The World Bank, under the guise of undertaking development projects that benefit local communities and help, ‘End poverty’ as their motto states in countries like Uganda, has been doing the exact opposite with projects like large hydro dams since its inception. These dams keep countries that build them heavily in debt and rarely if ever, do the countries pay the debt off. The World Bank and other investors end up extracting whatever they want from the countries as a means of payment instead. Additionally, it has been well documented that large hydro dams have the largest negative impact on the poorest segment of society, who cannot afford the power the dam produces and end up being displaced by the massive reservoirs.

Alternatives

Projects that could work as alternatives to large hydro power such as solar have not been the priority on the World Bank’s to do list. Solar is cheap and affordable in Uganda as well as being perfectly located at the equator. As things stand now, the World Bank has not compensated people living along the Nile whose homes, land and livelihoods are in the KOA will be flooded by Isimba’s reservoir. Once the land is flooded and they have nothing, what will happen? It will be too late for these people. There is no doubt that before this happens, people must be properly and effectively compensated for their land at the very least,

Shouts of joy

Meanwhile, the initial trepidation by our Soft Power family of getting into the rafts and doing the needed safety drills, which include swimming, rescuing each other from the raft and even flip drills, has given way to the excitement and pure thrill of riding through the rapids! After the first waves of Vengeance crash over the line of seven rafts, shouts of joy and exuberance can be heard at the bottom. Once through Hair of the Dog and Kula Shaker, people even begin to jump out of the rafts and float in the large pool below.

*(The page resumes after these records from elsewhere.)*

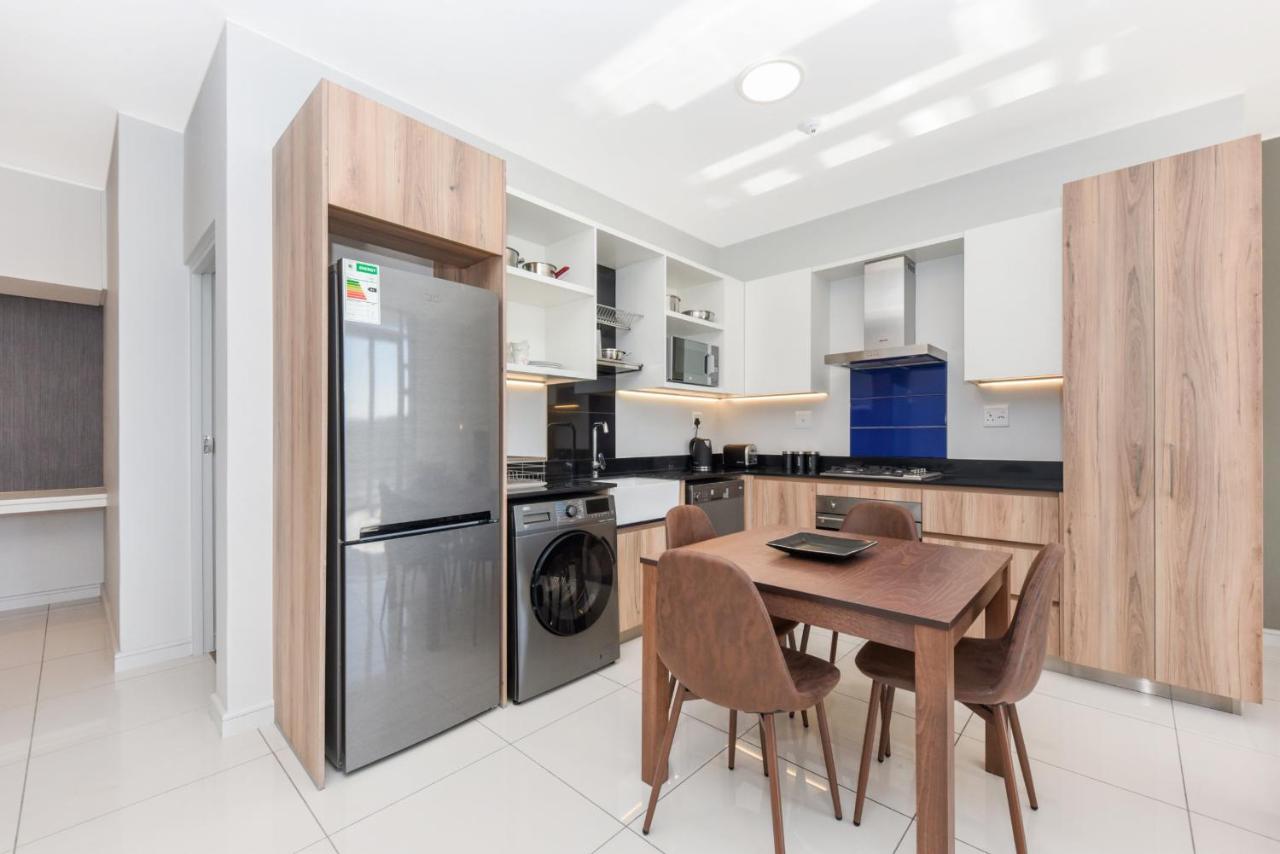 The Median Rosebank Luxury Apartment - Building With Generator جوهانسبورغ المظهر الخارجي الصورة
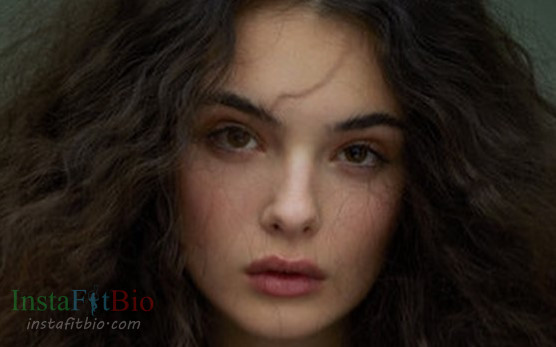 Deva Cassel #InstaFitBio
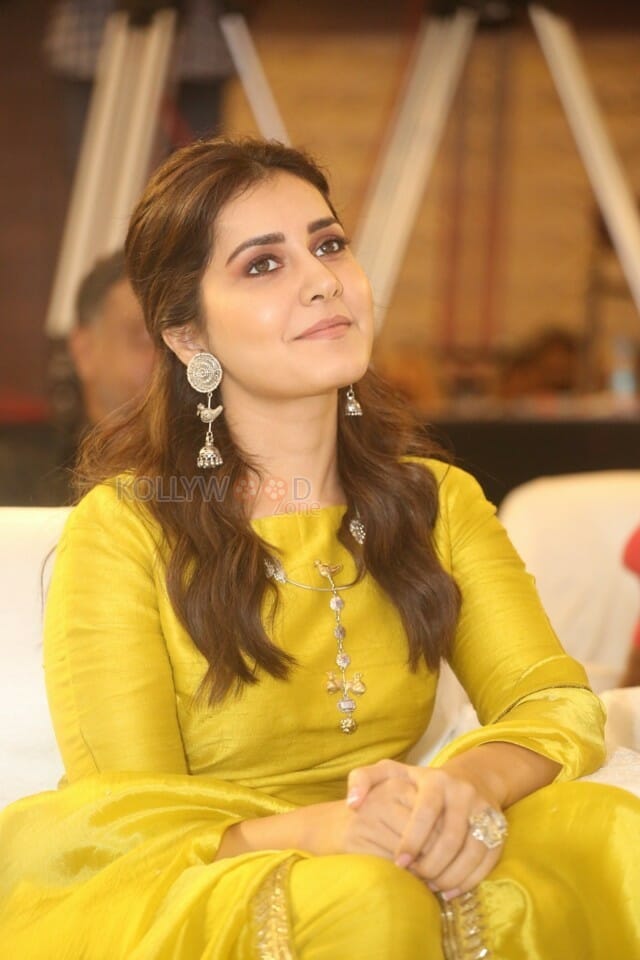 Actress Raashi Khanna At Kousalya Krishnamurthy Pre release Event Photos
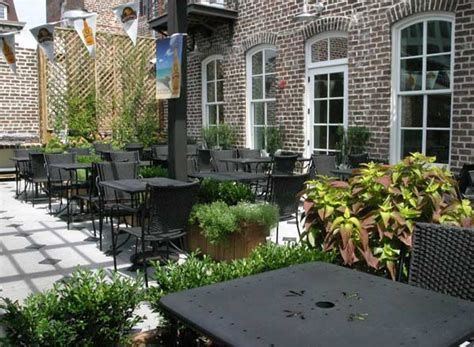 Churchill's savannah - Come and visit the best pub in Savannah. Great food and fun people. Outdoor dining on our rooftop... 13 W Bay St, Savannah, GA 31401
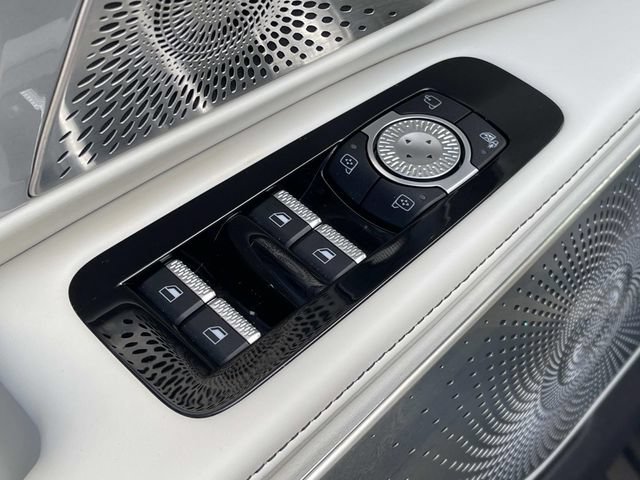 Certified 2025 Lincoln Nautilus Black Label w/ Jet Appearance Package AWD/4WD image 29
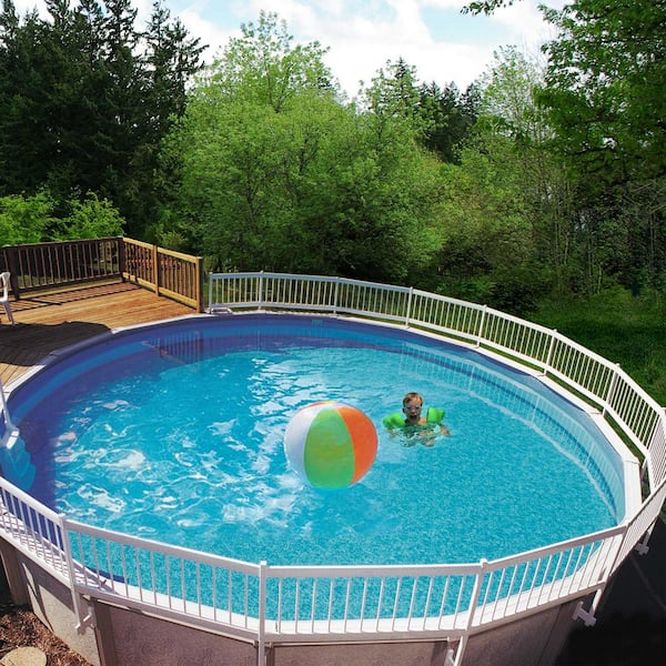 Swimming pool fence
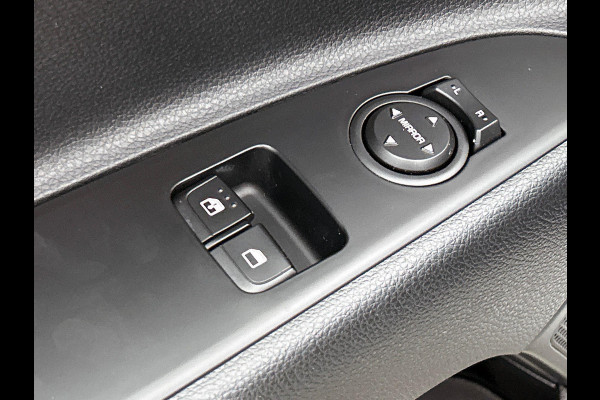 Kia Stonic 1.0 T-GDi 120pk MHEV DynamicLine Auto. Navigatie Apple Carplay/Android Auto Camera Parkeersensoren achter Cruise Control Lichtmetalen velgen Airco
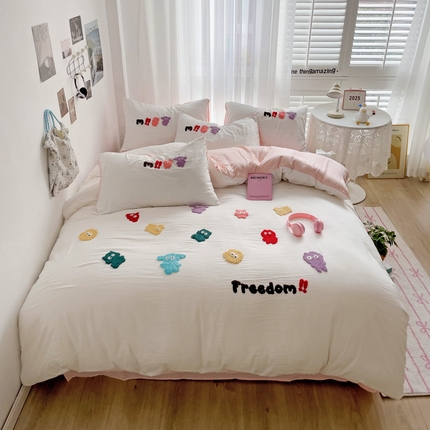 91家纺网 家纺一手货源 找家纺 花伞家居 2025新款可爱毛巾绣水洗棉四件套-自由自在（提供买家秀） 自由自在-白粉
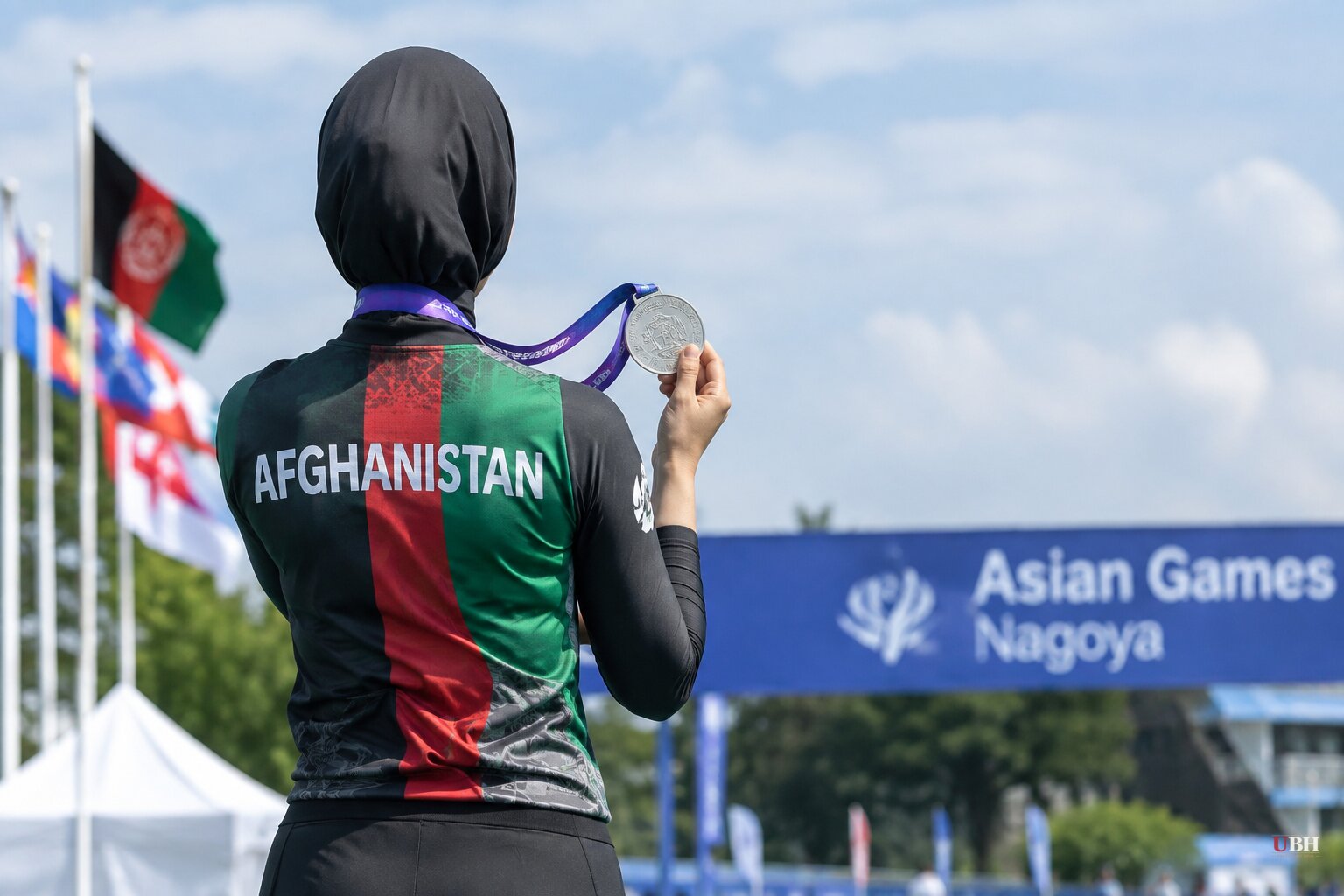 Afghan Cyclist Fariba Hashimi Wins Asian Games Silver After Fleeing Taliban Rule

Even some of the most frightened are smiling and enjoying their surroundings. All are beginning to understand what has drawn so many of us back year after year to this magic corner of the planet. The final rapid, Nile Special, delivers its special embrace to all. Elated choruses of rafters making it right side up echo up and down the river. Once on shore at the Hairy Lemon, the big grins and nearly speechless crews apart from, “Aah-Hah!” are all that needs to be said. Seventy Ugandans who never imagined they would see and experience the Nile first hand are learning why so many of us have loved the Nile for years! They have a new perspective on their ‘home’ river that they never had before and a window into an world they would never otherwise see! If I had to guess, I think they have all become converts to the Nile!